== EXCERPTED RECORDS ==

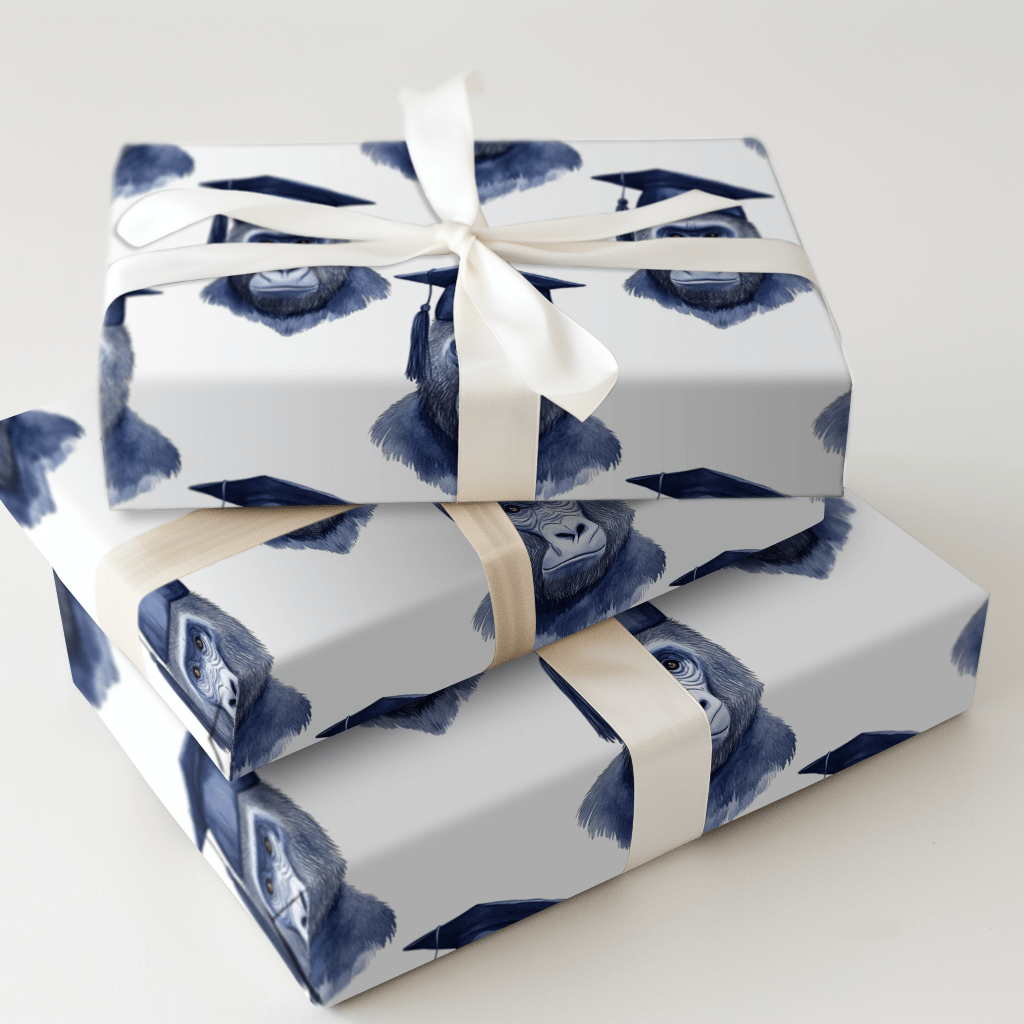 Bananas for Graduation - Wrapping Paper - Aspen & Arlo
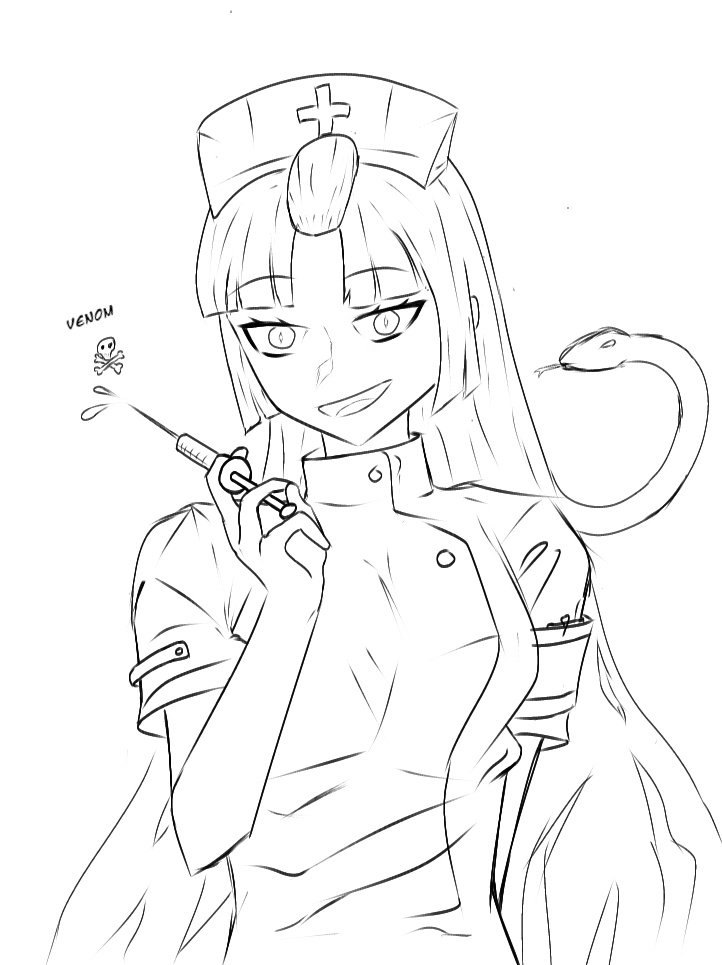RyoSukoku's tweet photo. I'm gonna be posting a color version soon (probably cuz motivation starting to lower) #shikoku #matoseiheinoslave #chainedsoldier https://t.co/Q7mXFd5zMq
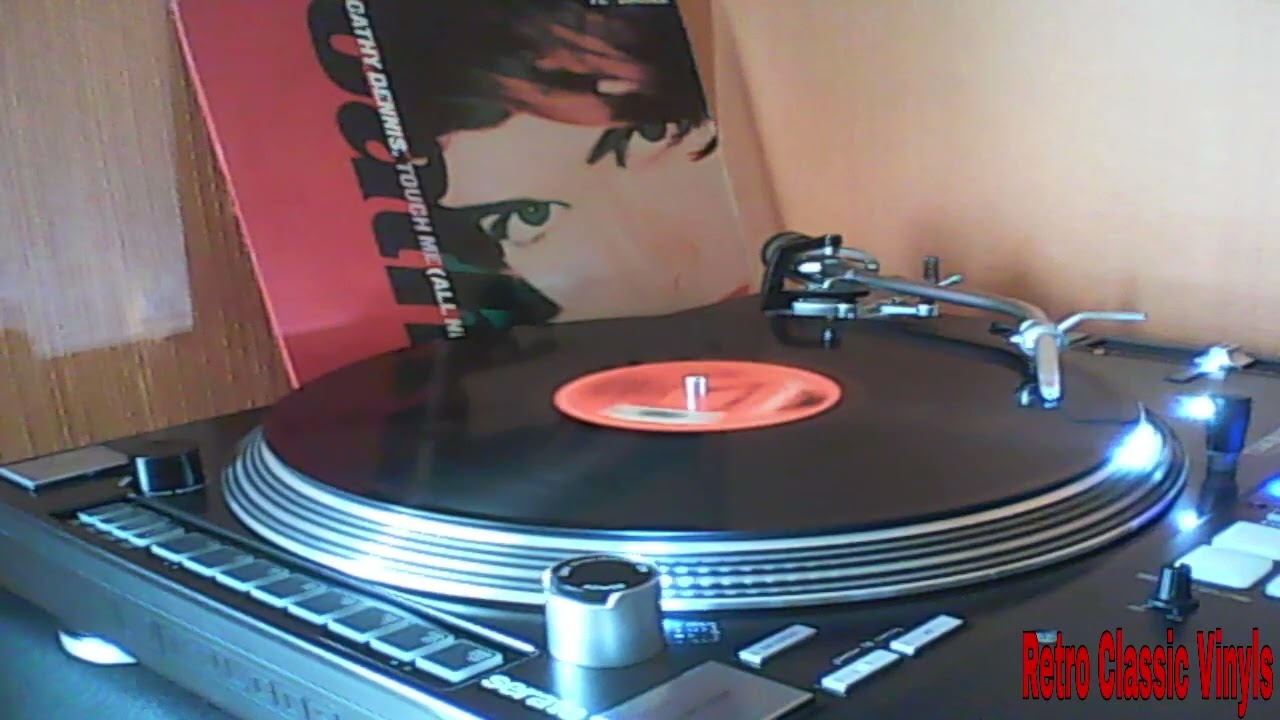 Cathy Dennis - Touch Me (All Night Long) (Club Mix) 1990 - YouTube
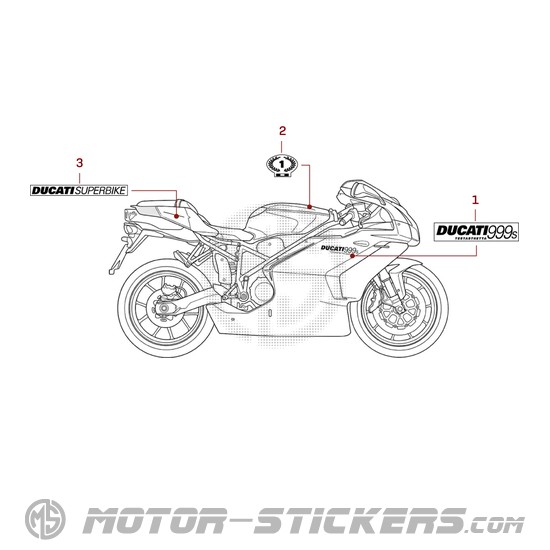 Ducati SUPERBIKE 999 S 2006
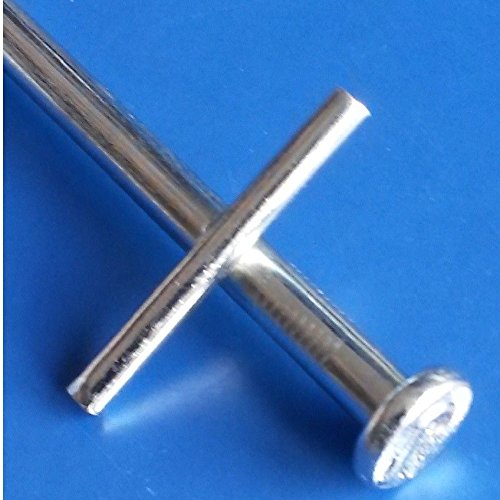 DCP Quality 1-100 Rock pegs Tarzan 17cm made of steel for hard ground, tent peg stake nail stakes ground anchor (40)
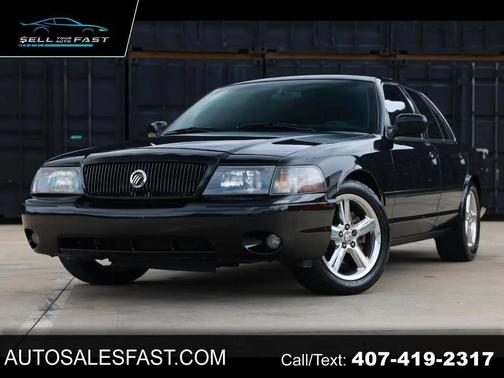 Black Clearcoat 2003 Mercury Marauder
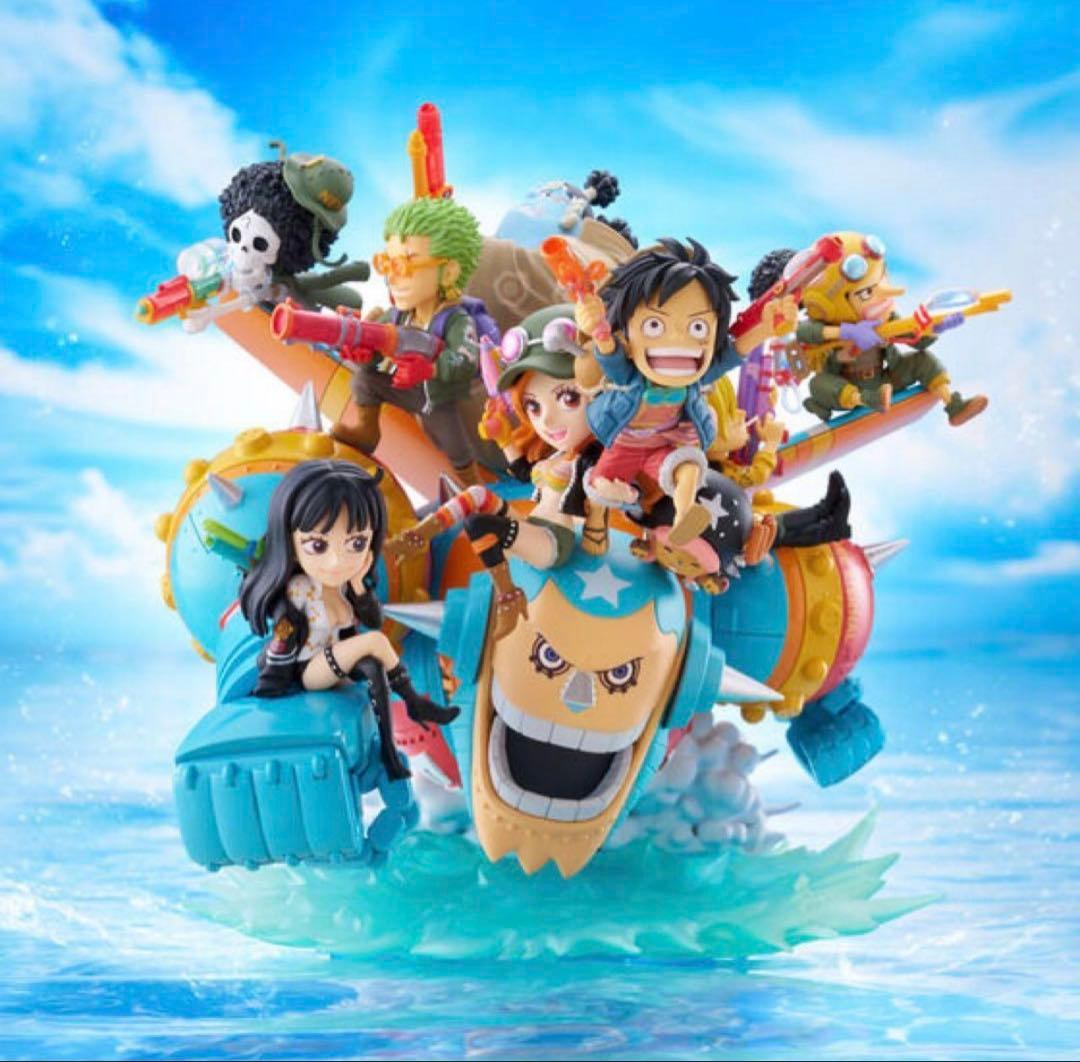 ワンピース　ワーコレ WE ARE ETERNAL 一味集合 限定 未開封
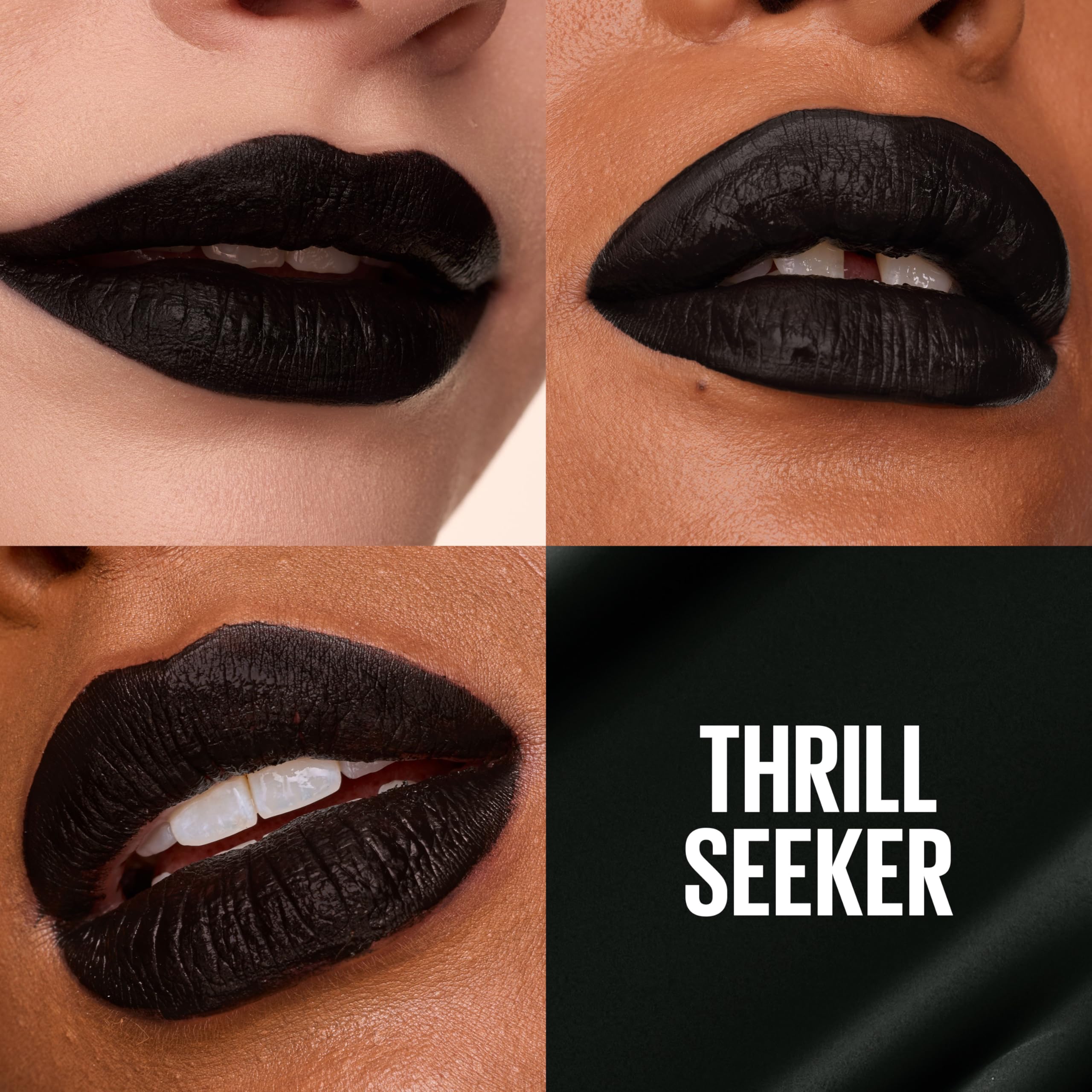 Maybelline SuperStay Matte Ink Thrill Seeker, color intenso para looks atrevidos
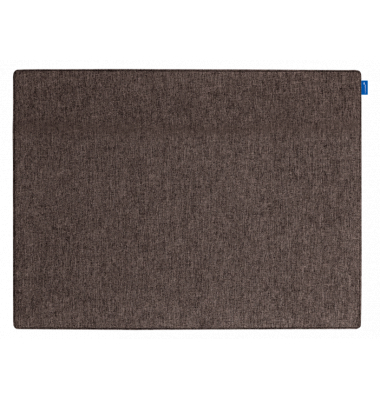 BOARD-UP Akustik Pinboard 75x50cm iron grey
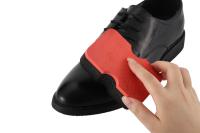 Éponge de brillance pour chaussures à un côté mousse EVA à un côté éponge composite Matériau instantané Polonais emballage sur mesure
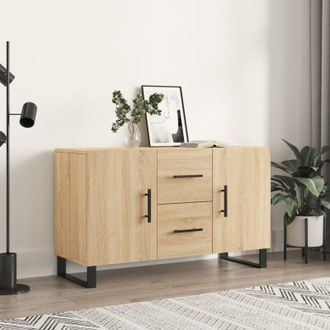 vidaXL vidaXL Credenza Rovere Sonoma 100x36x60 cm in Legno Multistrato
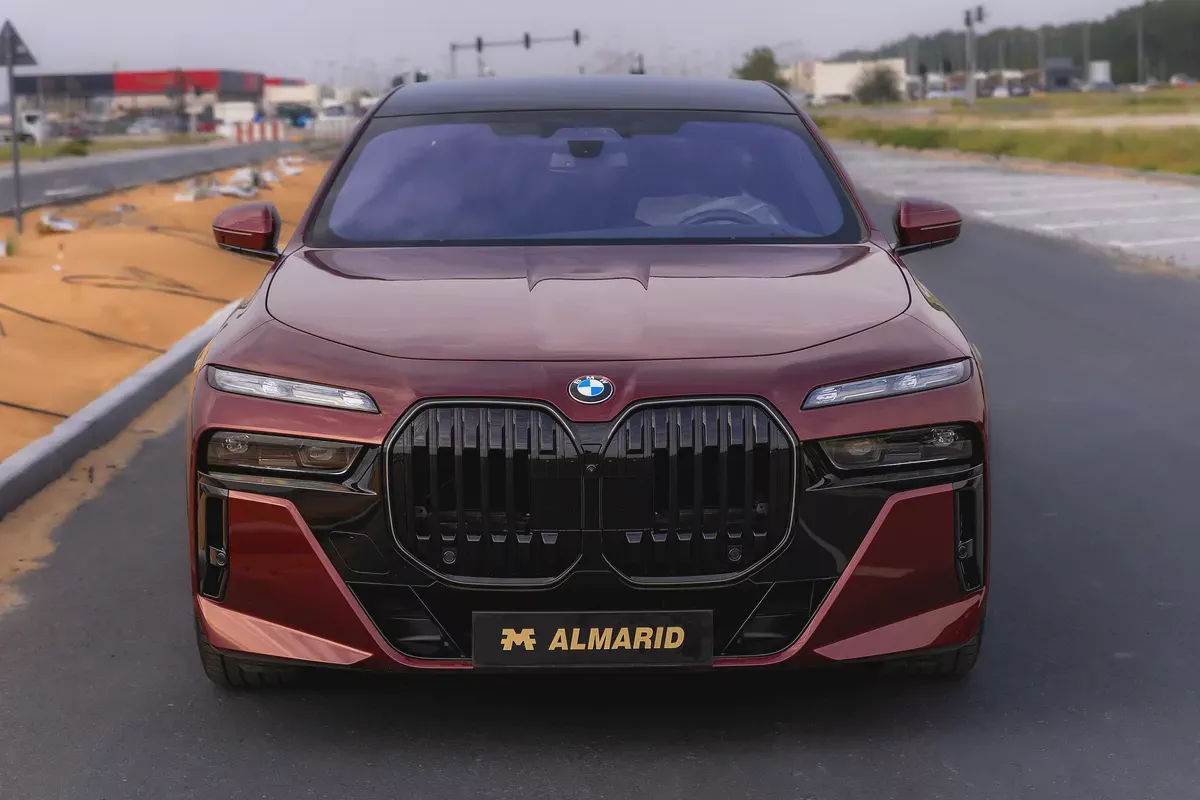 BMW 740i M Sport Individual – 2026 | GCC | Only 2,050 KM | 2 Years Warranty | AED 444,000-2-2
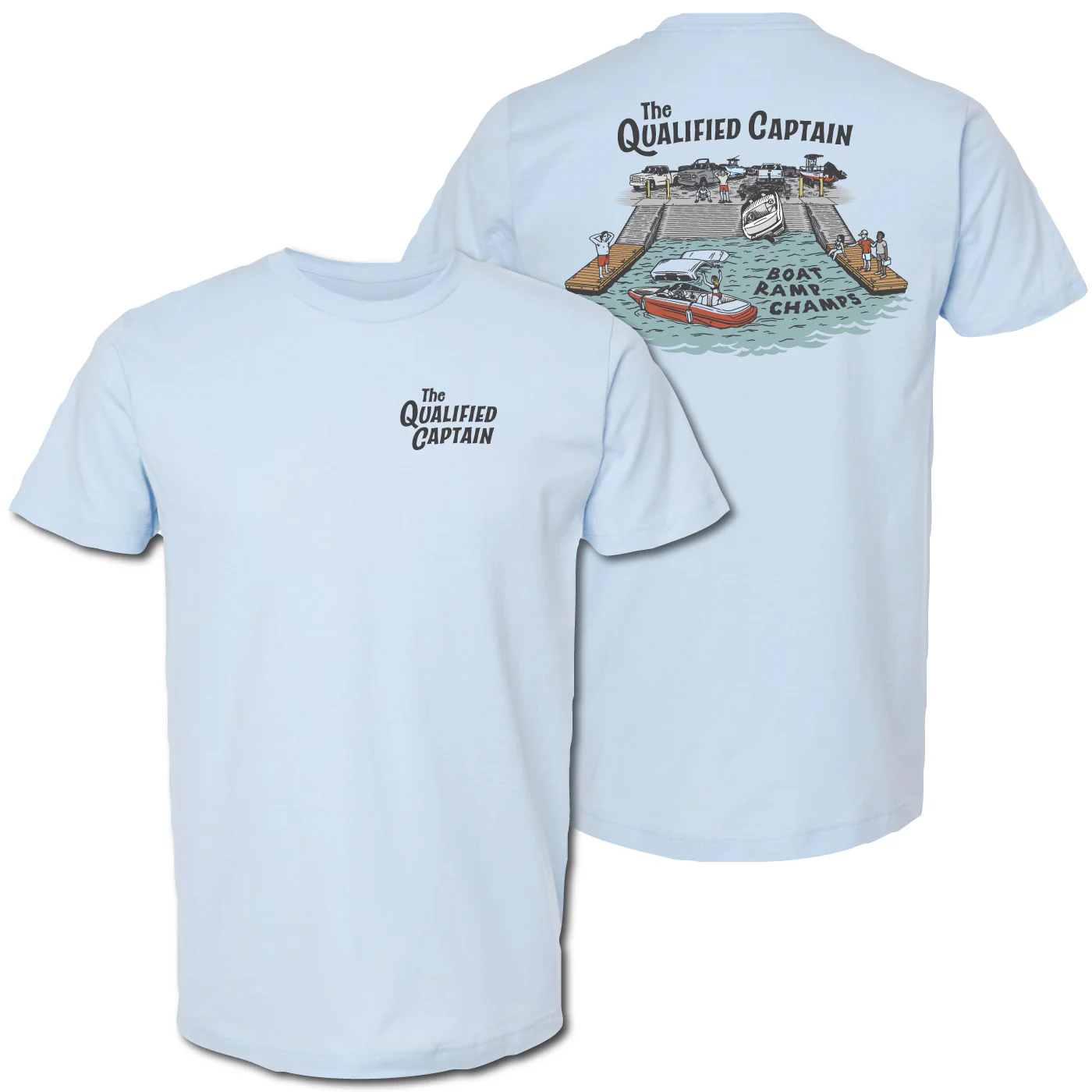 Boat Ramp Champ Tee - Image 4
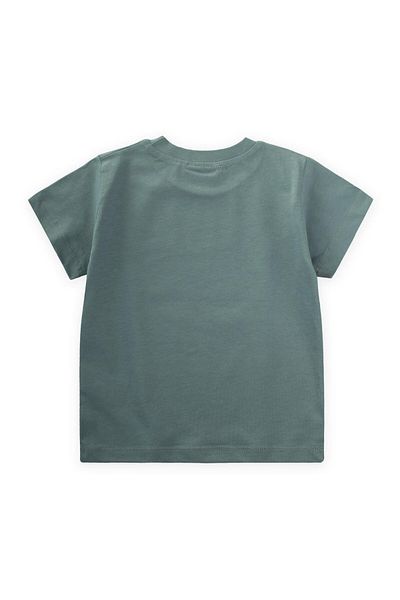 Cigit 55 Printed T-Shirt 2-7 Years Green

===

All lines above between the line that contains "Black Clearcoat 2003 Mercury Marauder" and the last line of the entries, both included, must be transcribed exactly. No pictures are to appear.

ANSWER TO THIS EXERCISE:
 Black Clearcoat 2003 Mercury Marauder
 ワンピース　ワーコレ WE ARE ETERNAL 一味集合 限定 未開封
 Maybelline SuperStay Matte Ink Thrill Seeker, color intenso para looks atrevidos
 BOARD-UP Akustik Pinboard 75x50cm iron grey
 Éponge de brillance pour chaussures à un côté mousse EVA à un côté éponge composite Matériau instantané Polonais emballage sur mesure
 vidaXL vidaXL Credenza Rovere Sonoma 100x36x60 cm in Legno Multistrato
 BMW 740i M Sport Individual – 2026 | GCC | Only 2,050 KM | 2 Years Warranty | AED 444,000-2-2
 Boat Ramp Champ Tee - Image 4
 Cigit 55 Printed T-Shirt 2-7 Years Green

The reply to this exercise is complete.